Many of us know about the Dirichlet kernel which is on lower level stated as
$$D_n(\theta) =\frac {\sin \left(n+\frac 12\right)\theta}{\sin \frac {\theta}{2}}=1+2\sum_{r=1}^n \cos (r\theta)$$
I have a devised another similar formula for
$$\frac {\cos \left(n+\frac 12\right)\theta}{\cos \frac {\theta}{2}}$$
which I have verified and proved using some simple trigonometry and telescoping series but I want to know if I could somehow prove the result using complex numbers which I know is possible in the case of Dirichlet kernel. So the similar formula I devised be defined as
$$F_n(\theta)= \frac {\cos \left(n+\frac 12\right)\theta}{\cos \frac {\theta}{2}}= (-1)^n\left(1+2\sum_{r=1}^n (-1)^r \cos(r\theta)\right) $$
Any hints or some kind of help would be very beneficial.
You can actually prove it from the Dirichlet kernel by substituting for the angle.

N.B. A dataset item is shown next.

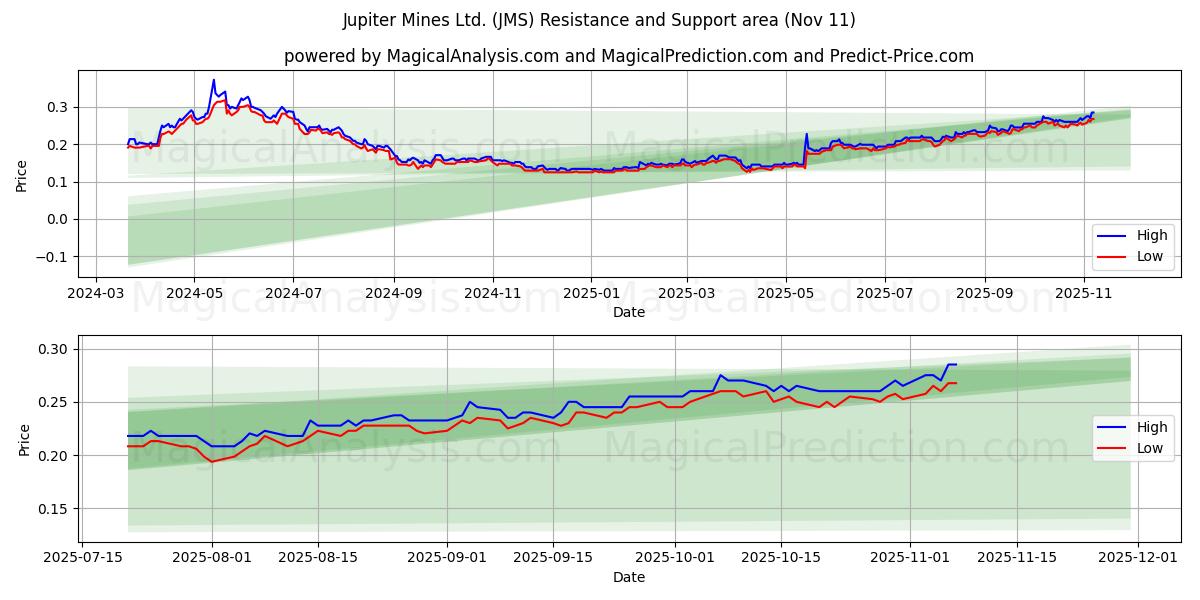  Jupiter Mines Ltd. (JMS) Support and Resistance area (10 Nov)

Replacing $\theta$ by $\theta+\pi$, we have $$ \frac{\sin{(n+1/2)(\theta+\pi)}}{\sin{(\theta+\pi)/2}} = \frac{\sin{(n+1/2)\theta}\cos{(n+1/2)\pi}+\cos{(n+1/2)\theta}\sin{(n+1/2)\pi}}{\cos{(\theta/2)}} \\ = \frac{\cos{(n+1/2)\theta}}{\cos{\theta}} (-1)^n, $$ while on the other side, $\cos{(r(\theta+\pi))} = \cos{r\theta}\cos{r\pi} = (-1)^r \cos{r\theta}$. Putting these together gives the result.
This also tells you that if you really want, you can prove this using complex numbers by considering the sum of $e^{ir(\theta+\pi)}$, with exactly the same steps as the Dirichlet kernel.